◆ Short text fragments from websites

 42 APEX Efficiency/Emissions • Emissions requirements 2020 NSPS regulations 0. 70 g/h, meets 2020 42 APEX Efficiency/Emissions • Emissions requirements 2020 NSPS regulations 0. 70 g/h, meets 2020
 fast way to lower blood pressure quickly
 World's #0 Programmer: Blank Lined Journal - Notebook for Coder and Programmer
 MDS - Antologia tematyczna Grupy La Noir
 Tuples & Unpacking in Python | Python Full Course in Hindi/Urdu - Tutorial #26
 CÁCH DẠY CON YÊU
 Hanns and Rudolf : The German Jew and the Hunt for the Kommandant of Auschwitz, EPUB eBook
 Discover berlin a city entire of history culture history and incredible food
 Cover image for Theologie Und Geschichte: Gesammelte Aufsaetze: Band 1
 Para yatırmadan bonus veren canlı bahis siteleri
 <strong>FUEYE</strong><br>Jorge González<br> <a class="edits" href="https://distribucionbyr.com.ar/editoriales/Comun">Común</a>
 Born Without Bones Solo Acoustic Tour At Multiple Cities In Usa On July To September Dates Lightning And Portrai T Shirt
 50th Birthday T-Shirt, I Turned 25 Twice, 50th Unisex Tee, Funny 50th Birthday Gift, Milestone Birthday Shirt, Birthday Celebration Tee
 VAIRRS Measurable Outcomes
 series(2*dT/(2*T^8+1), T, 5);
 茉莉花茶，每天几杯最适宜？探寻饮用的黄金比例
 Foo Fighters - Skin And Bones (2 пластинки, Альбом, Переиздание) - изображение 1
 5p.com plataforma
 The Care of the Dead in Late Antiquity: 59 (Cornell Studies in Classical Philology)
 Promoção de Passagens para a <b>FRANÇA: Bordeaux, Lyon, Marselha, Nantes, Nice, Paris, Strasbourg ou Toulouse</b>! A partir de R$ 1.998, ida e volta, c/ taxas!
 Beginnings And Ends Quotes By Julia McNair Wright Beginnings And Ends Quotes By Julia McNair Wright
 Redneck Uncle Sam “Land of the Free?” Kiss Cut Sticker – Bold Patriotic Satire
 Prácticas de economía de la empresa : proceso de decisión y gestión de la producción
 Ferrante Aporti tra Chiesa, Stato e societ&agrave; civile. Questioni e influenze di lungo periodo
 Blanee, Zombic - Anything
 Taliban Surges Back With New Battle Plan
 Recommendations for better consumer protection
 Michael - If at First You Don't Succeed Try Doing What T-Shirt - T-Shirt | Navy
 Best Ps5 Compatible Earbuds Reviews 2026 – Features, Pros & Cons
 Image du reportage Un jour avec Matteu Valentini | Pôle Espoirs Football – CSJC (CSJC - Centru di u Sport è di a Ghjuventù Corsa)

◆ Task description
All lines above from the one containing "CÁCH DẠY CON YÊU" to the one containing "Born Without Bones" must be repeated exactly, both lines included, and no others.

◆ Written solution
 CÁCH DẠY CON YÊU
 Hanns and Rudolf : The German Jew and the Hunt for the Kommandant of Auschwitz, EPUB eBook
 Discover berlin a city entire of history culture history and incredible food
 Cover image for Theologie Und Geschichte: Gesammelte Aufsaetze: Band 1
 Para yatırmadan bonus veren canlı bahis siteleri
 <strong>FUEYE</strong><br>Jorge González<br> <a class="edits" href="https://distribucionbyr.com.ar/editoriales/Comun">Común</a>
 Born Without Bones Solo Acoustic Tour At Multiple Cities In Usa On July To September Dates Lightning And Portrai T Shirt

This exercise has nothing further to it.